Sono di fatto conferme che la Bidenomics sta funzionando e che la strada della continuità rappresentata da Harris è affidabile. Tutti i rilevamenti indicano che l’economia è la priorità assoluta degli elettori americani, e tuttavia i sondaggi – che registrano il complesso mix degli umori nel momento dell’agitazione pre-elettorale, non i prezzi allo scaffale – mostrano livelli di frustrazione economica che non si conciliano con ciò che dicono i dati.

Donald Trump ostinatamente grida che il paese è ridotto a «un bidone della spazzatura» e il suo grido viene ascoltato e amplificato da un elettorato che sta tendenzialmente meglio di come stava quattro anni fa. È in questo fossato fra la percezione e la realtà che si colloca il genio elettorale di Trump.

Bassezze retoriche

Il candidato repubblicano arriva con uno slancio maggiore della vicepresidente all’appuntamento decisivo, e ha costruito questo sentimento positivo anche imponendo slogan, parole d’ordine, paure, paranoie e veleni che sono molto più capaci di persuadere dei nudi dati economici. Che invece Harris non è stata in grado di mettere in mostra efficacemente. 
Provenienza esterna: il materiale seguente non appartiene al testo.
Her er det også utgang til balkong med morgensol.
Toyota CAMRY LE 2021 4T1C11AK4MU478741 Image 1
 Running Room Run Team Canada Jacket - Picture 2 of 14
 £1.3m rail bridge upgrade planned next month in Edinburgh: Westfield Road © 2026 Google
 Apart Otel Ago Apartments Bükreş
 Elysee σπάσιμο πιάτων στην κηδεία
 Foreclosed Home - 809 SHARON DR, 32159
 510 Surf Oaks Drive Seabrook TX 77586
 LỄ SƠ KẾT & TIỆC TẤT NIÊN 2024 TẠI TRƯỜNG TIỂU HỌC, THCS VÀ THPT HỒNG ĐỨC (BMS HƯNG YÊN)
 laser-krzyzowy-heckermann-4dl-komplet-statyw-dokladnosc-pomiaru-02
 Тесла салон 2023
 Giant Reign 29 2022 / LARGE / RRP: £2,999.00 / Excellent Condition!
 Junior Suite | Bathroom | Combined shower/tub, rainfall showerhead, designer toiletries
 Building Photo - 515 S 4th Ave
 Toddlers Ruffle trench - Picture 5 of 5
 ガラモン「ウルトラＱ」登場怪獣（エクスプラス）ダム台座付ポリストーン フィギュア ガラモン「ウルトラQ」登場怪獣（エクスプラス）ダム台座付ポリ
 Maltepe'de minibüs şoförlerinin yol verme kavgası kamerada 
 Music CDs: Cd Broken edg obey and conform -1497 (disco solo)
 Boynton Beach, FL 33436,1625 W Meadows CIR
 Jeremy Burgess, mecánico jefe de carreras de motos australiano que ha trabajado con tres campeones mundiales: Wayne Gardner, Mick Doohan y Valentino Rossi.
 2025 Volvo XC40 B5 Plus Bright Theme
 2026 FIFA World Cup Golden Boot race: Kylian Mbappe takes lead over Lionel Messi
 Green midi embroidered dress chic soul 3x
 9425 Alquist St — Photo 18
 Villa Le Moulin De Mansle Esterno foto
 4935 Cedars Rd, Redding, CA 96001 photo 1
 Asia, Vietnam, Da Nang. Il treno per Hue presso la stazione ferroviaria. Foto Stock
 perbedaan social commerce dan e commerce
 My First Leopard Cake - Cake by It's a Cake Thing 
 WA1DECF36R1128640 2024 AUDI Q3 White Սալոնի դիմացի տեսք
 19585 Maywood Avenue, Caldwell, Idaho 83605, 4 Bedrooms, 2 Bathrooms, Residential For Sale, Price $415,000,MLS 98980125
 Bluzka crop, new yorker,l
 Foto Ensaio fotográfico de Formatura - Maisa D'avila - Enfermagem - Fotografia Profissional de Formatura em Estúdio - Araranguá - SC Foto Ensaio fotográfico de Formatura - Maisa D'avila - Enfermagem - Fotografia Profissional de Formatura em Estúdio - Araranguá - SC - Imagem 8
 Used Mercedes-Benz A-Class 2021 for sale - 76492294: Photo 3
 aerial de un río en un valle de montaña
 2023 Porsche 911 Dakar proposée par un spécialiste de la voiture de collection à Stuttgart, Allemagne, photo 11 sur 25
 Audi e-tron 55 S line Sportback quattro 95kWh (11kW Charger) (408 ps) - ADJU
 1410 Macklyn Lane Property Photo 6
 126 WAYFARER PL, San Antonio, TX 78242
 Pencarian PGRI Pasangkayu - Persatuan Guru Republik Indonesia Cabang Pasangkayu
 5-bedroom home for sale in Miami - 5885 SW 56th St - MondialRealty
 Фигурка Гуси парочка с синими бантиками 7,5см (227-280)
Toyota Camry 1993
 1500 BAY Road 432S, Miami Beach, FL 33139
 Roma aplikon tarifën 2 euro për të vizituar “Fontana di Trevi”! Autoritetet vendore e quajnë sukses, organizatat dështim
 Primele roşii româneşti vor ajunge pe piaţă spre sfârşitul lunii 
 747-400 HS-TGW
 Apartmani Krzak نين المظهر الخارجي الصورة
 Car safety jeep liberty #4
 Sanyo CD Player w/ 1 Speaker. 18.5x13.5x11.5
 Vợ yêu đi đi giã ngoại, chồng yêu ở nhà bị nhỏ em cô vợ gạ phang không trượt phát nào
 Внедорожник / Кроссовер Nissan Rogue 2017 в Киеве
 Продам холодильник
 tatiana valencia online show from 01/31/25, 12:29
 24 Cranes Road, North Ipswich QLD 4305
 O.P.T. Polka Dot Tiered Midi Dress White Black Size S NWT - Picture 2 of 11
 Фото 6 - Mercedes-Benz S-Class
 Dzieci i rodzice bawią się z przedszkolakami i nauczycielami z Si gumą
Le ultime settimane sono state dominate dalla presunta stima per Hitler di Trump, da Porto Rico «isola della spazzatura», dalla sola spazzatura che sono «i sostenitori di Trump» (parola di Biden), poi dall’ex presidente con pettorina che guida il camion della nettezza urbana, dimostrandosi per l’ennesima volta il politico più veloce del mondo a trasformare le incaute parole degli avversari in meme energetici per la sua base. 

Si è slanciato nell’ultima bassezza retorica l’altra notte, intervistato da Tucker Carlson, quando ha detto che l’ex repubblicana Liz Cheney, un «falco di guerra», dovrebbe essere messa davanti a un plotone armato: «Vediamo come si sente quando testano le armi sulla sua faccia». Difficile, in questo contesto, far valere le ragioni dell’economia.